The $24.4 million proposed budget is set for a public vote May 21. If it passes, interim Superintendent Raymond Colucciello said the district will be solvent for the first time in years.
“It’s a budget the district can afford and gives the students what they need,” he said. “It strikes that crucial balance.”
District Treasurer Carey Shultz, who drafted the budget, described his plan for the coming school year as pretty straightforward, with no major cuts to the district’s remaining extracurricular programs and a moderate below-the-cap tax levy increase. He’s confident it will gain voter approval, but last year at this time he wasn’t so calm.
“We brought an almost 8 percent tax levy increase to voters last year,” he said. “No one had seen anything like it in our district before.”
The big tax increase was voted down, sending the district into a spiral of budget revisions, a half-million dollars in midyear cuts and parental protests. It wasn’t a great year for Fonda-Fulltonville.
In the midst of it all, Colucciello stepped in with 53 years of experience behind him to help fix the district’s problems.
“Things have settled down since then,” Shultz said.
The painful midyear cuts made crafting a balanced 2013-14 budget a relatively simple task. Colucciello said school staff and the community at large stepped up in a big way since he took the reins in December.
Coaches coached for free and the booster club raised $40,000 for modified sports. Teachers gave up raises, and they’ll do it all again next year.
“We went through every single program looking for waste,” Colucciello said. “We left no stone unturned.”
The result was a district with a few missing employees and some financial stability.
“We’re losing a few positions through retirement,” Shultz said, “but we didn’t actually have to cut anything for this new budget.”
State aid will also increase by more than $1 million in 2013-14, which not only allows the district to keep up with rising health benefit costs and avoid major staff cuts but will fund three new programs.

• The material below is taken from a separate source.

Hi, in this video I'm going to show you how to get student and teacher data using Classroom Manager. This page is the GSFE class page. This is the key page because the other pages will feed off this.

When students return to class at the end of the summer, a few STEM classes will be offered in the elementary school, Mandarin Chinese courses in the middle school and nanotechnology classes in the high school.
“These are just the seeds of new programs,” Colucciello said, “but it’s the first time we’ve added anything in three years.”

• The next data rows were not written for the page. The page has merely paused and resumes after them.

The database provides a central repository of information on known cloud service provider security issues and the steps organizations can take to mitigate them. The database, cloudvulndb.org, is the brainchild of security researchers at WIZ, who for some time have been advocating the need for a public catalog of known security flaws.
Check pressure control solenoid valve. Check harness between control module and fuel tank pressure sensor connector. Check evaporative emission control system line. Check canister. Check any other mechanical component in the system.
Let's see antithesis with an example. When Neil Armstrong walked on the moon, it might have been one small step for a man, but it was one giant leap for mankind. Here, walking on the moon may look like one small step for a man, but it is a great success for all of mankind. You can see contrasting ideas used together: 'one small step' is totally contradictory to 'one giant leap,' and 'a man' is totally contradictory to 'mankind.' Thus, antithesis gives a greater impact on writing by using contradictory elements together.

If approved, the new budget will increase the tax levy by 4.5 percent, which falls well below the state-imposed cap. Without taking equalization rates and municipal boundaries into account, the owner of an average $100,000 home in the district will pay about $75 more in taxes over the coming year, according to Shultz.
A public hearing on the budget will be held at 7 p.m. Monday in the high school multipurpose room, with the vote taking place May 21.
Also May 21, voters will elect two members to the Board of Education. Matt Sullivan is running for another term on the seven-member board. Sitting board President Linda Wszolek is not running, according to school officials. Her seat will be filled by a write-in candidate.